Supreme Motive

. . . walk worthy of the Lord, fully pleasing Him, being fruitful in every good work.  —Colossians 1:10

A first-grader beamed with satisfaction as he handed me a spelling test on which his teacher had written a large “100%—Good work!” The boy said, “I showed this to Mom and Dad because I knew it would please them.” I could just see him riding home on the bus, hardly able to wait for the moment when his parents would express their excitement with how well he had done. His desire to make Mom and Dad happy was obviously a very important motivating factor in his life.

In 2 Timothy 2:3, Paul used the image of a soldier who serves with single-minded devotion to please his commanding officer.
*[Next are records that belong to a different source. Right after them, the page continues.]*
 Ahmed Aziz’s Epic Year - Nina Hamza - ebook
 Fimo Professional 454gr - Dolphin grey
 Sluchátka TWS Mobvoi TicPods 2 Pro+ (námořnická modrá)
He wanted Timothy to know the supreme reason for serving God, even when the going gets tough. Wholehearted devotion, marked by hard work and careful attention to God’s rules, brings the greatest glory to the Lord when it comes from a yielded and loving heart.
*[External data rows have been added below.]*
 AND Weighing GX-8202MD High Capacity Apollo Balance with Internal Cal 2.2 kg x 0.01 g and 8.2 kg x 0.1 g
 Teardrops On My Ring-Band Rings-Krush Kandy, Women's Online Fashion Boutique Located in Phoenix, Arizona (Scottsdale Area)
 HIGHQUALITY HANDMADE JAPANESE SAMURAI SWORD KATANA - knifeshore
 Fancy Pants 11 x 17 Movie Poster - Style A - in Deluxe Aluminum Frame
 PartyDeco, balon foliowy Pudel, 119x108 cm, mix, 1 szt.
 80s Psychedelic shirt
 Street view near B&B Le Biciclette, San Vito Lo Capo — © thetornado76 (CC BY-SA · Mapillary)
In His humanity, our Savior desired that the prospect of a cruel death and of becoming the sin-offering for mankind would pass from Him. Nevertheless He prayed, “Not My will, but Yours, be done” (Luke 22:42). Jesus’ supreme motive was a desire to please His Father. That should be our incentive too.

Herbert Vander Lugt

In all I think and say and do,
  I long, O God, to honor You;
  But may my highest motive be
  To love the Christ who died for me. 

D. De Haan

Others see what we do, but God sees why we do it.